L’Ancienne alliance, en effet, reposait sur un héritage : l’héritage d’une pratique que les juifs recevaient de leurs pères, en mémoire des promesses faites à Abraham et en mémoire de la libération du peuple hébreux de sa servitude en Égypte. Il y avait des juifs pieux et d’autres qui l’étaient moins – l’Écriture sainte ne manque pas d’exemples dans l’une ou l’autre catégorie ! – mais l’appartenance à la religion abrahamique était surtout une affaire culturelle, pas tellement un choix personnel.

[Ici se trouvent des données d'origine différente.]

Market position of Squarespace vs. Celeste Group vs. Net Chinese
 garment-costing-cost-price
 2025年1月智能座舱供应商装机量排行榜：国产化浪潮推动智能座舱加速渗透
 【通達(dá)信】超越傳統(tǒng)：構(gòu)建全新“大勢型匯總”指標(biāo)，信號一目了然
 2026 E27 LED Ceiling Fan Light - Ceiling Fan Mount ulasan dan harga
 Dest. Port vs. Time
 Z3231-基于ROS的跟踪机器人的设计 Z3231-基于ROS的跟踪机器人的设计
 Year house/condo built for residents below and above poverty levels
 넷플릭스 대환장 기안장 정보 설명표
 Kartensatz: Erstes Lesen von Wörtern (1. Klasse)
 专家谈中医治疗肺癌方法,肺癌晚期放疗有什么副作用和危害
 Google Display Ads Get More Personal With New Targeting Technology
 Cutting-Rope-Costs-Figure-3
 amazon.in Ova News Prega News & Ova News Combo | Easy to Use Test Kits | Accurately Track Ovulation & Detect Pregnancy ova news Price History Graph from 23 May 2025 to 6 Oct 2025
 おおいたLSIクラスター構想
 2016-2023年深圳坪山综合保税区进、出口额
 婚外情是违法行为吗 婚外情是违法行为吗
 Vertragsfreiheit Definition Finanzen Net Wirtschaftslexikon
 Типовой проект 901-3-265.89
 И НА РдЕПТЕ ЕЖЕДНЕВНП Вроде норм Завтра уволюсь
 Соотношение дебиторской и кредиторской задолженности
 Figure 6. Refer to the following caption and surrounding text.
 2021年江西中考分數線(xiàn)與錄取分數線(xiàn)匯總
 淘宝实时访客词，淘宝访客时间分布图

Et il en va – hélas – parfois de même pour nous, chrétiens, lorsque nous accomplissons les œuvres de la religion : venir à la messe, dire le chapelet, faire tel ou tel pèlerinage, etc. œuvres bonnes en elles-mêmes, mais qui, accomplies par habitude reçue de notre milieu d’origine ou même contractée par nous-mêmes dans notre vie passée, ne témoignent pas d’une réelle foi dans le Christ. Comment, en effet, croire que le Christ est une personne réelle, vivante, et présente à nous par la grâce, sans avoir de dialogue avec lui, sans avoir de relation personnelle avec lui, mais en ayant pour seule motivation religieuse la force des habitudes ?
Certes, nous avons beaucoup reçu de ceux qui nous ont précédé dans la foi, sur tous les plans ; même dans les choses les plus concrètes : le seul fait de se trouver sous les voutes tricentenaires de cette église, par exemple, en témoigne. Et nous devons remercier nos ancêtres de nous avoir transmis cet héritage, qui fait notre gloire. Mais quoique toutes nos pieuses habitudes sont bonnes en elles-mêmes et doivent être préservées, il faut aussi être conscients qu’elles ne porteront réellement du fruit que si elles sont, à chaque fois, choisies personnellement par nous pour l’amour de Dieu.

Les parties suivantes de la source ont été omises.